(Cette critique peut d'abord sembler plutôt négative mais c'est simplement que je dois expliquer ce qui m'énerve de ce livre avant d'en arriver à dire pourquoi au final c'est un très bon essai.)
Cet essai de l'historien et sociologie
Gérard Bouchard se veut une plongée dans l'histoire de l'histoire nationale du Québec. En gros, dans un premier temps, il analyse de quelle façon l'Histoire du Québec a été enseignée à l'école primaire et secondaire depuis le 19e siècle. Puis, il offre sa propre vision de comment elle devrait être enseignée.
Il tente de trouver une voie qui, entre autres, se conjugue bien à
l'interculturalisme.
Pour les Français :
l'interculturalisme est la théorie la plus connue de Bouchard. C'est elle qui sert de doctrine officielle pour l'intégration des immigrants au Québec. Cette approche cherche à trouver un équilibre entre le multiculturalisme Anglo-Saxon, et la nécessité d'une certaine protection culturelle pour un Québec noyé dans la culture canado-américaine. Dans la pratique, ce n'est pas toujours réussi, mais la théorie est bien.
Il tente ici de faire un travail d'équilibriste semblable :
1- Éviter que les cours d'histoire deviennent des séances d'endoctrinement à Gloire de la PatrieNaN.
2- Inculquer tout de même un certain sens de la nation.
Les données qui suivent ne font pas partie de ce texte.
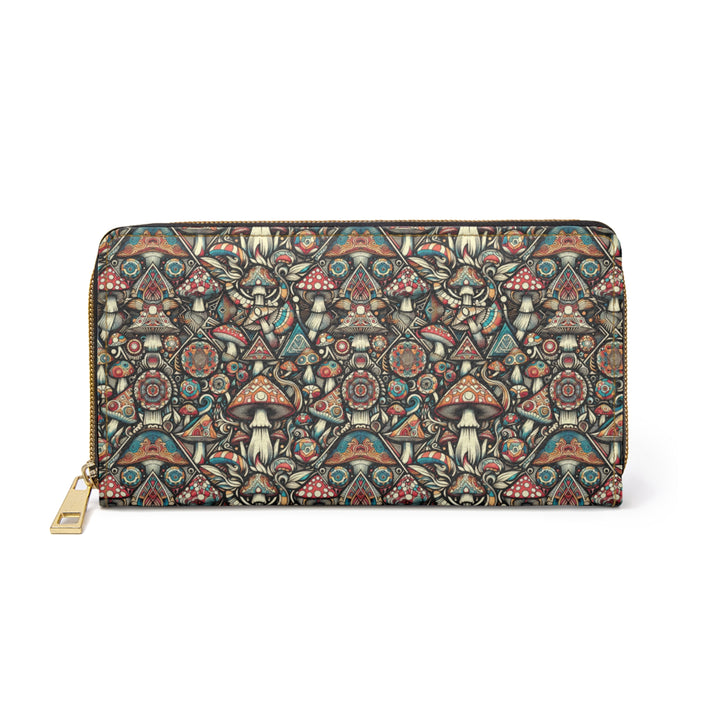 Flat-lay front of GEOMUSH psychedelic wallet – crisp sacred mushroom geometry pattern in vibrant hues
Bouchard n'apprécie pas les cours qui suivent le modèle "éducation à la citoyenneté" parce qu'à son avis, il est impossible de vouloir améliorer sa communauté, ou de travailler sur un projet de société, sans aimer sa nation. (Ici, je suis en désaccord. Et puisqu'il ne cite aucune étude qui appuierait cette thèse, je vais simplement hausser les épaules. le projet qu'il propose à partir de cette thèse reste tout de même intéressant.)
Une autre critique que je ferais à la section plus empirique du livre est la suivante : son analyse dernière que la nation est presque complètement ignorée des manuels d'histoire du Québec depuis les années 1960. C'est ce qui le dérange, c'est la raison pourquoi il écrit cet essai. Sauf qu'il mentionne quelque part, au passage, sans y revenir, que 95% des professeurs d'histoire sondés admettent que la nation reste tout de même le fil conducteur qu'ils donnent à leur cours tout le long de l'année scolaire.
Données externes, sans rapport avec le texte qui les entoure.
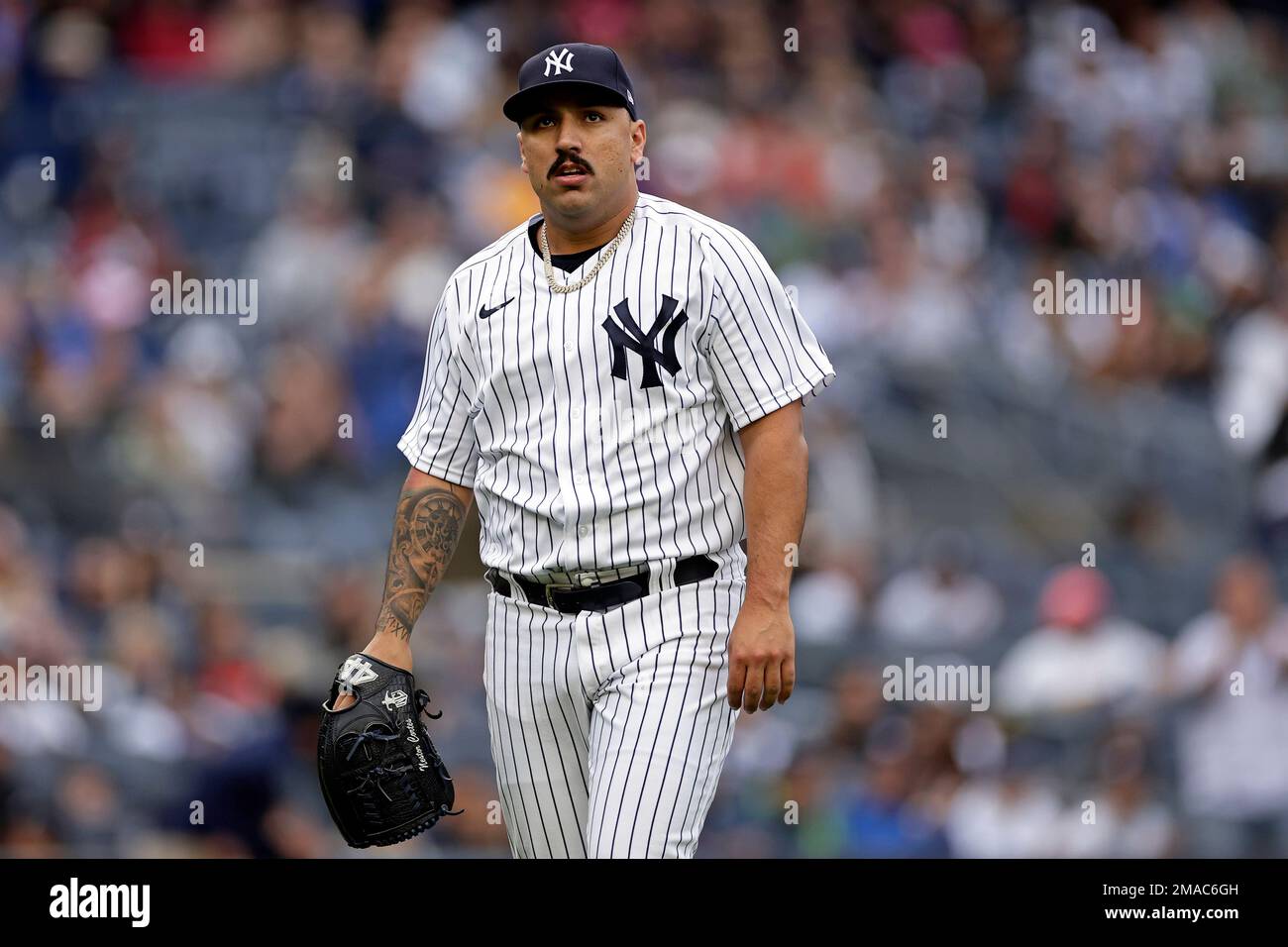 New York Yankees pitcher Nestor Cortes reacts during the first inning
M'enfin, ça commence à sonner comme un problème imaginaire.
Je fais une autre parenthèse nécessaire ici : Les travaux de Bouchard des 20 dernières années tournent autour des mythes nationaux. C'est quoi ça? En gros, ce sont ces histoires (pas nécessairement fictives) qui ancrent des valeurs profondément au coeur des citoyens d'une nation. Pensez Jeanne D'Arc ou la Révolution pour la France. La Conquête ou la Grande Noirceur pour le Québec.
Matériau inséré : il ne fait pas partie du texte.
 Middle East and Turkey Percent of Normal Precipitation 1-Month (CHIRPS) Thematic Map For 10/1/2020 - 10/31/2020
Ce que propose Bouchard ici pour fonder une histoire du Québec pluraliste est de miser sur ces mythes particuliers de notre histoire qui ont des visées universalistes. L'égalité est une valeur que partagent la France, les USA et le Québec par exemple. Mais les mythes de ces trois nations divergent au point où le mot ne veut pas dire la même chose dans ces trois lieux. On parlerait d'égalité des chances (sur la ligne de départ) aux USA, d'égalité des droits en France et d'égalité sociale au Québec.
Le fil conducteur d'une telle histoire du Québec serait donc le suivant : la lutte.
La lutte contre l'oppression, la lutte contre l'assimilation, la lutte contre l'injustice. Cette approche permettrait à la fois de (A) mettre de l'avant le Québec lorsqu'il lutte pour ses idéaux : s'émanciper du clergé, du Canada anglais, des capitaux américains, de la couronne britannique. Et (B) dénoncer ces moments où le Québec n'a pas été à la hauteur de ces idéaux. Où il s'est lui-même fait l'oppresseur des minorités, des autochtones ou même de ses minorités anglophones.
Cette approche n'aurait pas à mentir pour rendre la nation plus belle. Elle demanderait d'aimer la nation conditionnement à ce qu'elle soit à la hauteur de ses propres idéaux. Et c'est ensuite notre travail à tous de s'assurer qu'elle le soit.